In addition to ongoing COVID-19 social distancing measures, a spring snowstorm also hampered some movement at Manitoba cattle auction yards during the first week of April.
Prices were generally steady to higher compared to the previous week, although volatility in global markets was also being felt at a local level.
“The cows are still calving, they don’t know that there’s any social distancing going on,” market analyst Anne Wasko of Gateway Livestock Exchange said.
She pointed to large price swings in U.S. futures as a sign of the general volatility in all markets, including the cattle sector.
“There’s just too many unknowns right now, and the futures market does not like that unknown,” she said, pointing to questions over how processing plants will continue to operate and the possibility of transportation disruptions.
“Everybody in the supply chain is trying to figure out how to do this, and the market is trying to predict what will happen if we couldn’t kill as many cattle as we need to or if something happens at the border,” said Wasko.

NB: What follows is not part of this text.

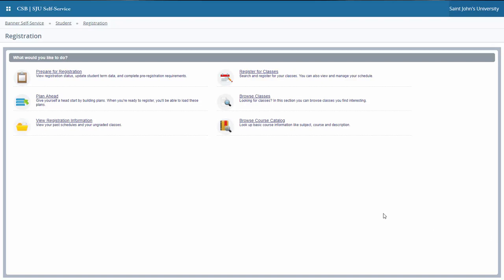Welcome to the third video in this series on Banner 9 Web Registration. In this video, we're going to explore how a student successfully registers for classes.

Demand from restaurants and the food-service sector has ground to a halt, “but on the retail side it just exploded,” she said. Consumers stocking up on all food, including meat, caused wholesale prices to climb.
However, “now that the freezers are full, we’re seeing prices at the wholesale level come down again.”
Ground beef was one of the top items moving at the retail level when everyone was stocking freezers. That supported the market for slaughter cows. Finished cattle and the slaughter market are also seeing better prices at auction than they did prior to the COVID-19 pandemic.
“Business is carrying on, but the prices are extremely volatile,” said Wasko, describing that volatility as “unnerving… you don’t know what to expect today or tomorrow.”
Activity in the feeder market typically slows down at this time of year, as ranchers focus on calving and animals are put out to grass. Feedlots still need to see cattle moving through the system, but questions also remain over how COVID-19 will alter the traditional movement. Farmers could hold on to animals longer than normal, but they could also be looking to make sales earlier.
The Canadian dollar has seen some large moves over the past month, and is trading at a considerably weaker level than where it started the year. That soft currency is somewhat supportive for Canadian cattle prices, with weakness in input prices also providing a small silver lining for the cattle sector in the midst of the general uncertainty.